Che si possa pregare attraverso la musica ne è convinto anche Agostino. Anzi, il santo d’Ippona va oltre e rilancia: «Chi canta prega due volte». Una tesi che sposa, anche il Coro Interparrocchiale Diocesi di Imola .

 

La Chiesa e Convento dell’Osservanza è il luogo in cui si terranno ogni ultimo Venerdì del mese il ciclo di meditazioni «Cantate al Signore un canto nuovo.
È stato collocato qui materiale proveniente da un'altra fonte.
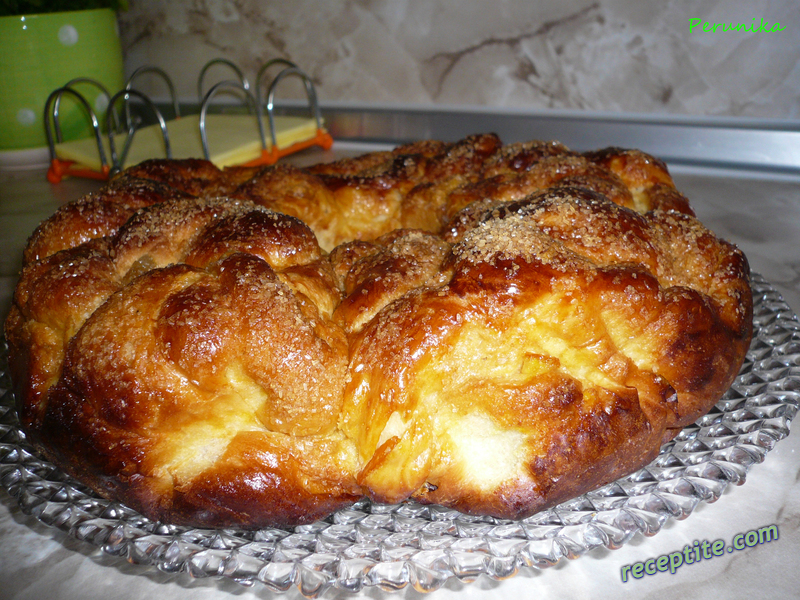 Снимки към Козунак-руло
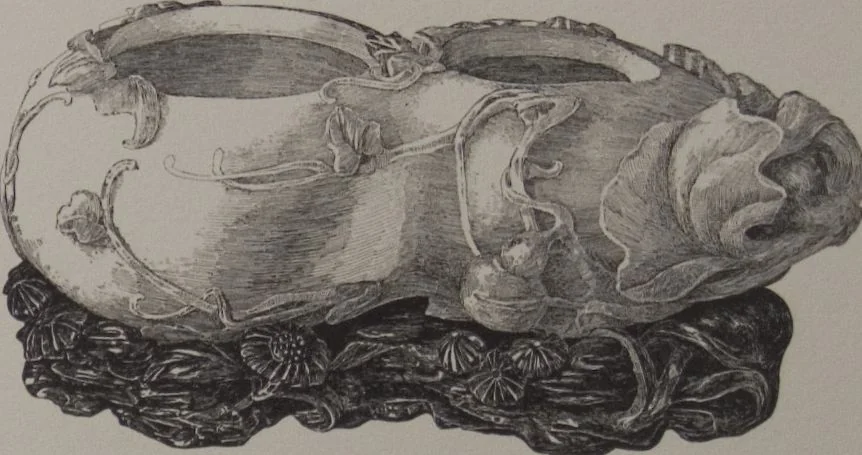 An illustration from The Bishop collection : investigations and studies in jade : [volume two], 1906, leaf 188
Pregare cantando i Salmi».

 

Gli incontri saranno condotti da Padre Giuseppe De Carlo,  biblista da poco giunto nella nostra Diocesi, e saranno animati dal Coro Interparrocchiale Diocesi di Imola.

 

L’incontro con Dio riempie il cuore dell’uomo, instillando in esso «il desiderio di cantare». «Salmo» è parola che deriva dal greco «psallo», cioè «scuotere» e quindi «toccare le corde di uno strumento musicale». Da lì, infine, «cantare». «E i salmi sono tanti, ognuno adatto ad una circostanza diversa – chiarisce il sacerdote -, ma tutti sono un riassunto della preghiera cristiana».

 

Ricchi di immagini, «fanno riferimento a Cristo ed è bello conoscerli ed innamorarsene».

 

A proposito del tema del terzo incontro (Salmo 27 (26) , «Il Signore è mia luce e mia salvezza»  è’ il Salmo che da una parte esprime l’adesione del salmista a Dio, difesa e salvezza del giusto; dall’altra contiene un’accorata richiesta di aiuto, che culmina nel desiderio di vedere il volto di Dio. Nella contemplazione del volto di Dio, cioè nella partecipazione al culto nel tempio, il salmista trova il senso della propria vita e la propria felicità.

 

Il fine di queste meditazioni sta allora «nell’imparare a conoscere le preghiere dei Salmi» e magari far crescere la spiritualità negli uomini per «trasformarla in qualcosa di più profondo».